_Exercise description_. If an entry holds a picture, drop the picture but restate the entry word for word.
*** Opening Information given ***
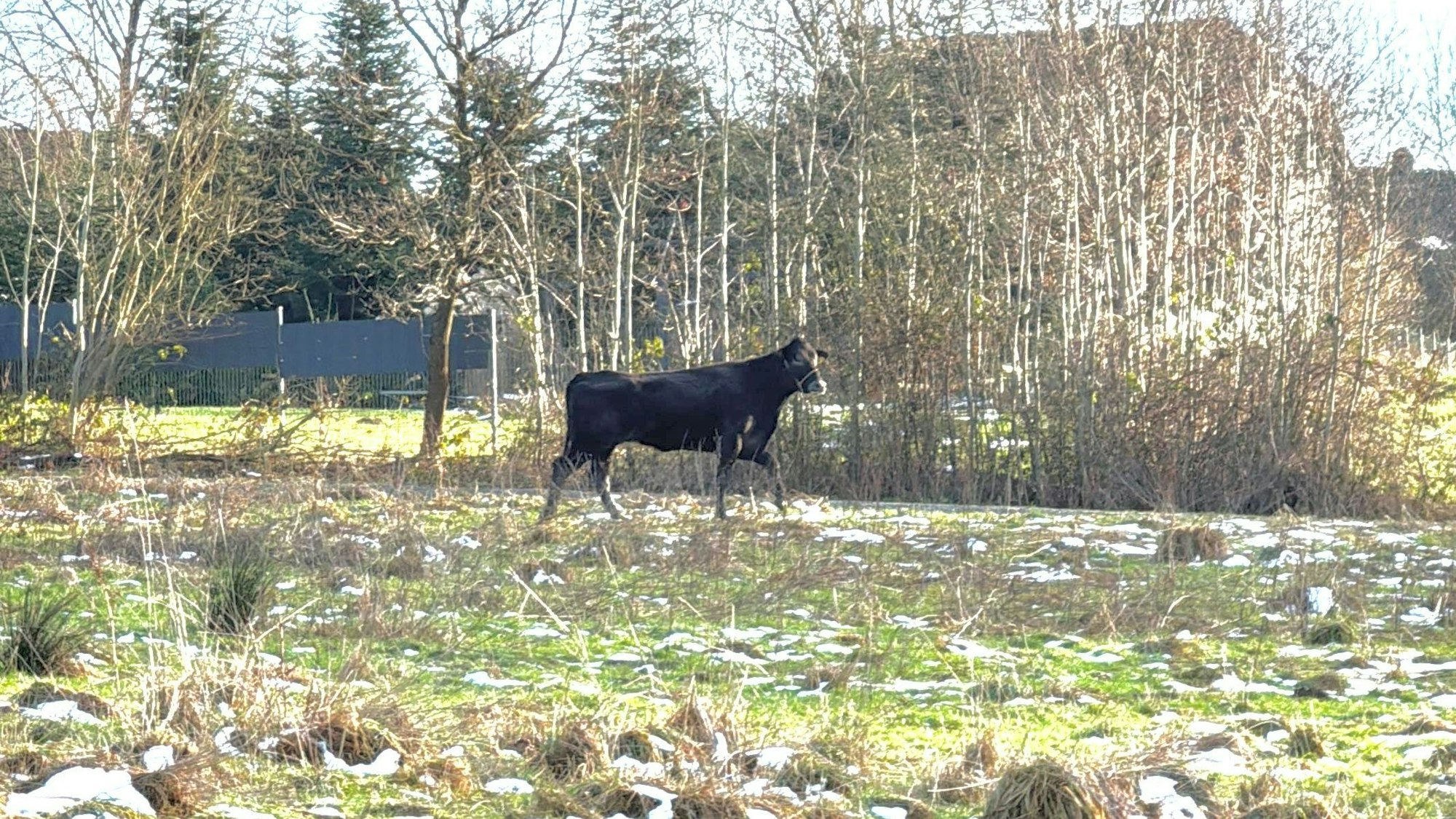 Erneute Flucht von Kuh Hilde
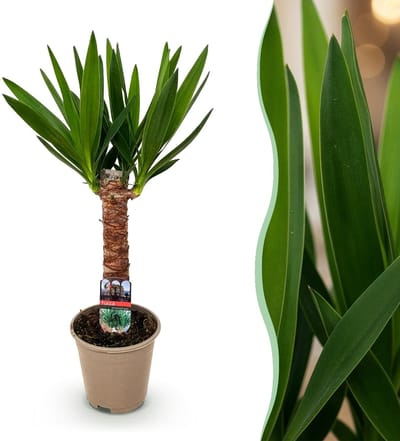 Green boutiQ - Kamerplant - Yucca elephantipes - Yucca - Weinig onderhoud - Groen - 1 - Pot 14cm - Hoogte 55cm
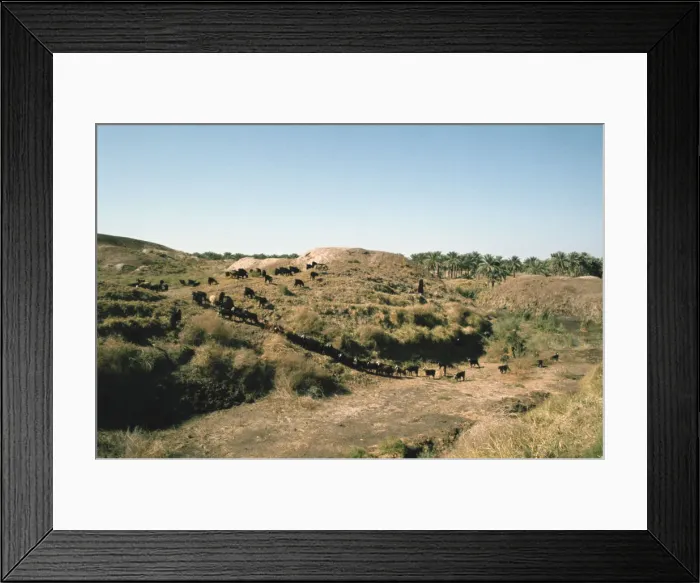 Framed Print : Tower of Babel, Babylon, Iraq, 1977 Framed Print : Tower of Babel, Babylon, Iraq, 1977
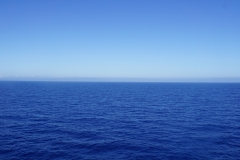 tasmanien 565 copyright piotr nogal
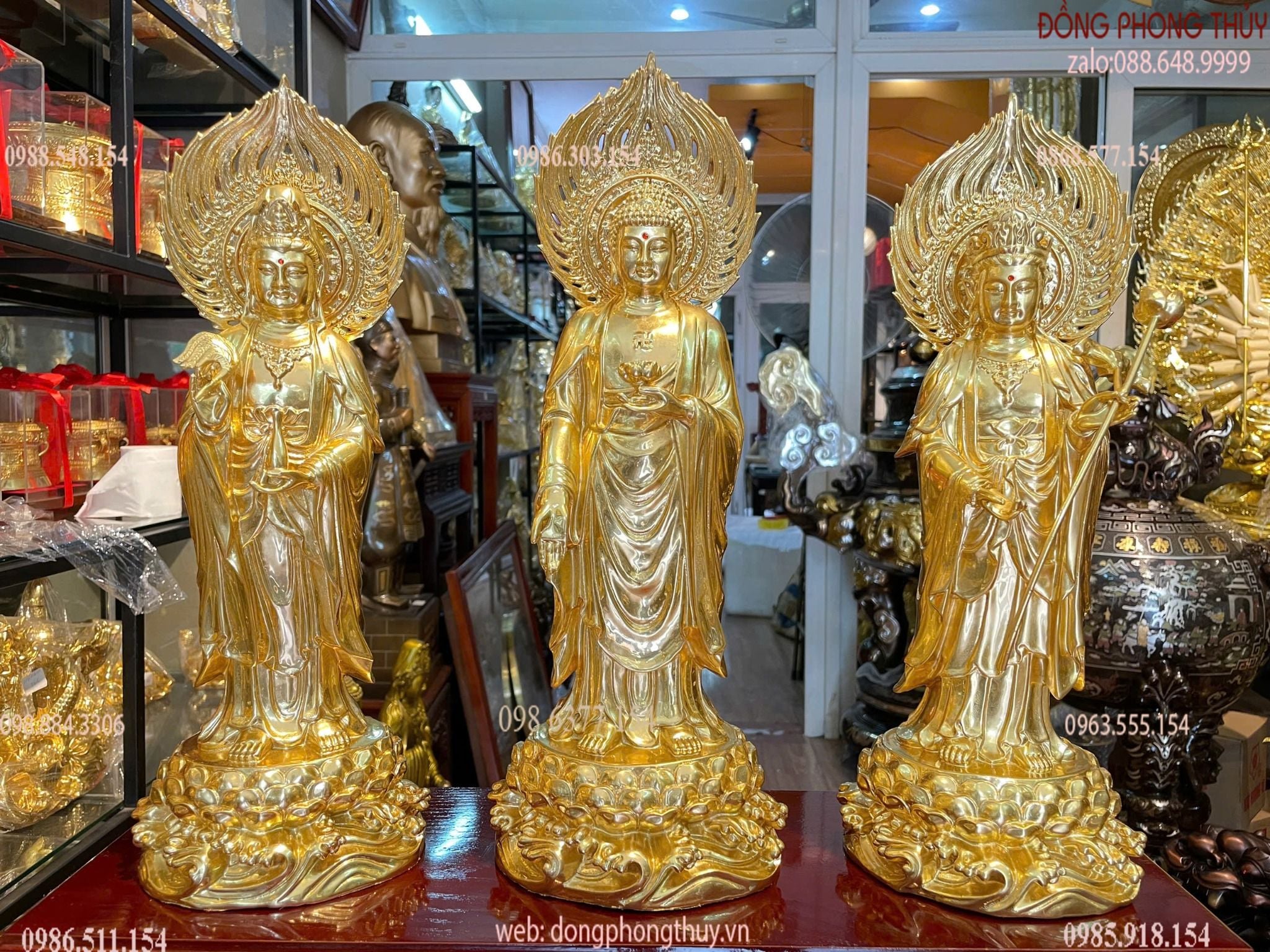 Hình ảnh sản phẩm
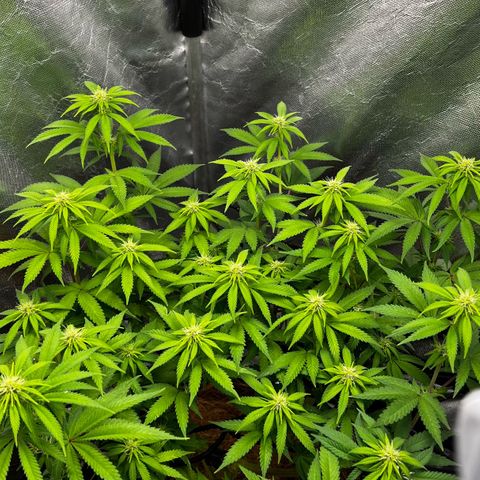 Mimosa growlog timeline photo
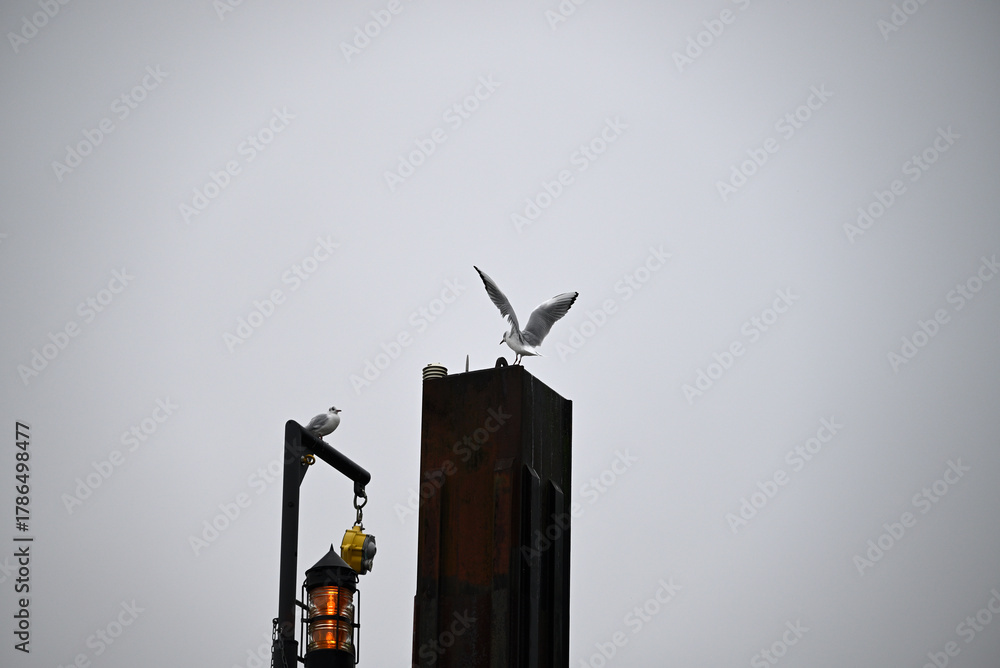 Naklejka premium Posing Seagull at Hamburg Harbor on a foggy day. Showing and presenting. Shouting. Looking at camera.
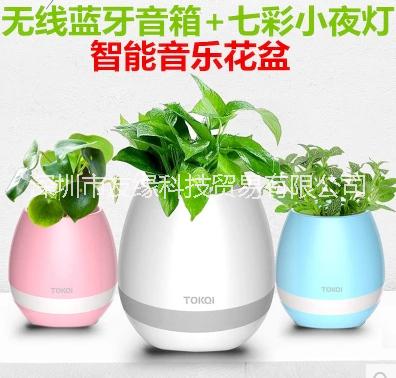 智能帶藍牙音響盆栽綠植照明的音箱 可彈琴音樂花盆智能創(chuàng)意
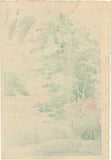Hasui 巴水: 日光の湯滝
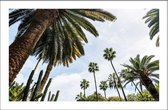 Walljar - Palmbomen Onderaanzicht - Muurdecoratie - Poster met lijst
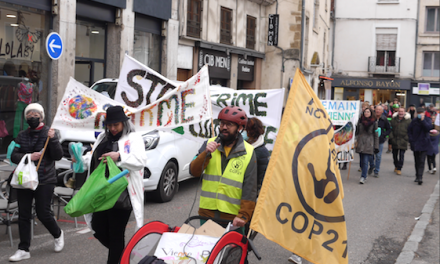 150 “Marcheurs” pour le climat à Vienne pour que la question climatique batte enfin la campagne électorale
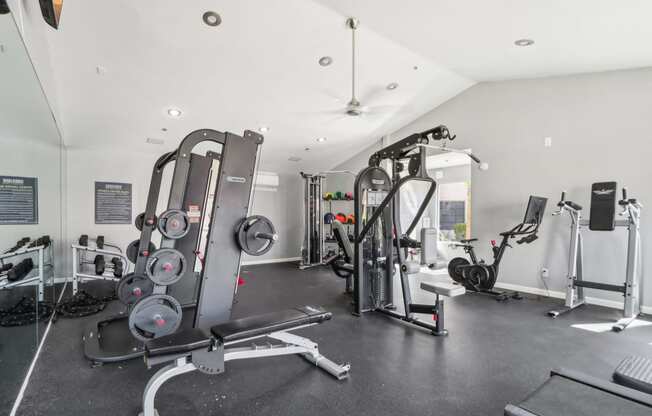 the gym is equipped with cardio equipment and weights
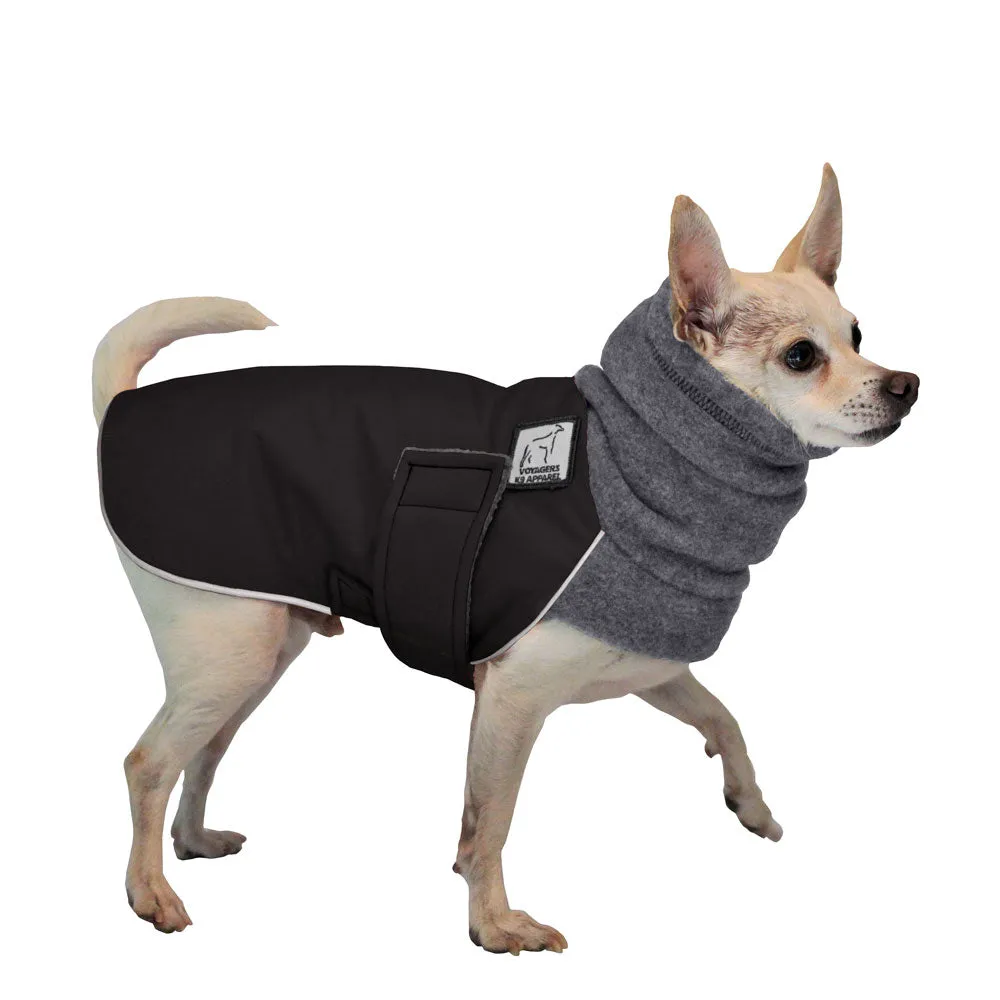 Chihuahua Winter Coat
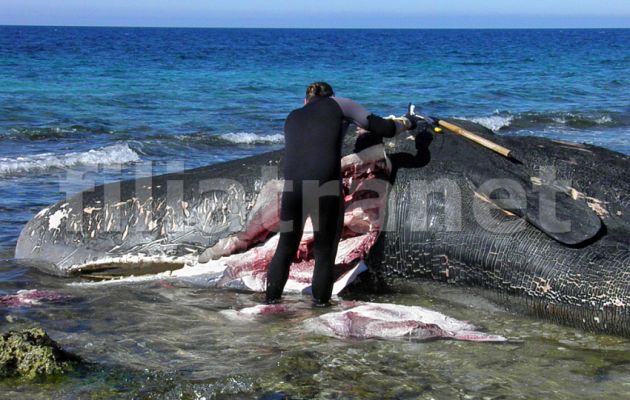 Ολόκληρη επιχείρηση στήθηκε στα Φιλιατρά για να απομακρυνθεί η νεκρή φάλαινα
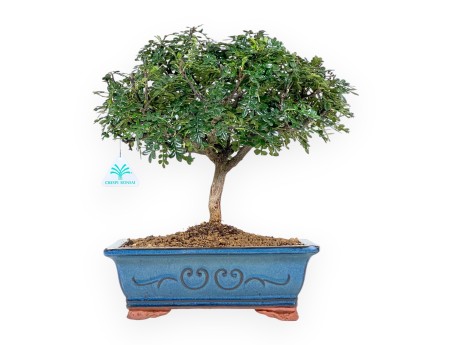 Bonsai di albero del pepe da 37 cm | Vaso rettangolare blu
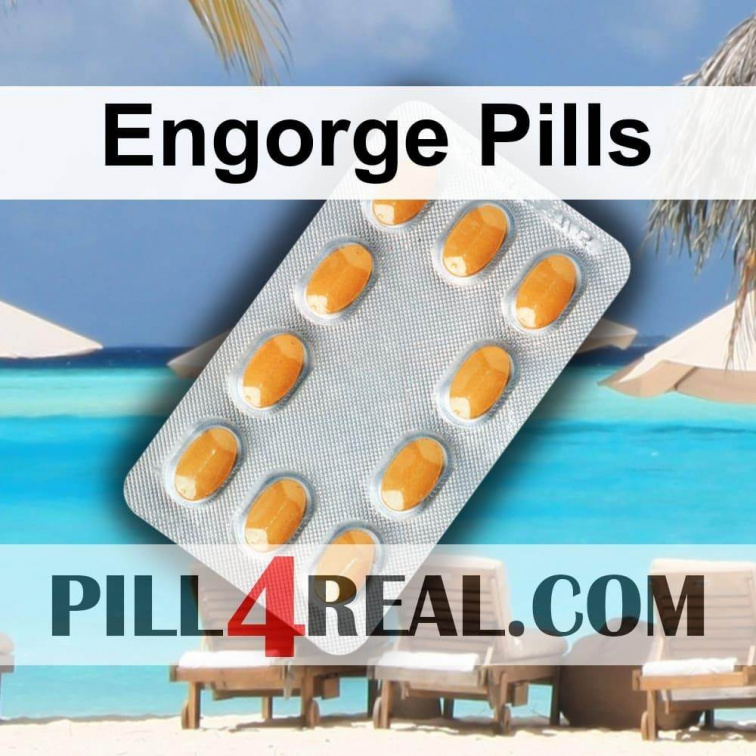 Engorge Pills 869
*** Closing Information given ***
_Exercise result_.
 Erneute Flucht von Kuh Hilde
 Green boutiQ - Kamerplant - Yucca elephantipes - Yucca - Weinig onderhoud - Groen - 1 - Pot 14cm - Hoogte 55cm
 Framed Print : Tower of Babel, Babylon, Iraq, 1977 Framed Print : Tower of Babel, Babylon, Iraq, 1977
 tasmanien 565 copyright piotr nogal
 Hình ảnh sản phẩm
 Mimosa growlog timeline photo
 Naklejka premium Posing Seagull at Hamburg Harbor on a foggy day. Showing and presenting. Shouting. Looking at camera.
 智能帶藍牙音響盆栽綠植照明的音箱 可彈琴音樂花盆智能創(chuàng)意
Hasui 巴水: 日光の湯滝
 Walljar - Palmbomen Onderaanzicht - Muurdecoratie - Poster met lijst
 150 “Marcheurs” pour le climat à Vienne pour que la question climatique batte enfin la campagne électorale
 the gym is equipped with cardio equipment and weights
 Chihuahua Winter Coat
 Ολόκληρη επιχείρηση στήθηκε στα Φιλιατρά για να απομακρυνθεί η νεκρή φάλαινα
 Bonsai di albero del pepe da 37 cm | Vaso rettangolare blu
 Engorge Pills 869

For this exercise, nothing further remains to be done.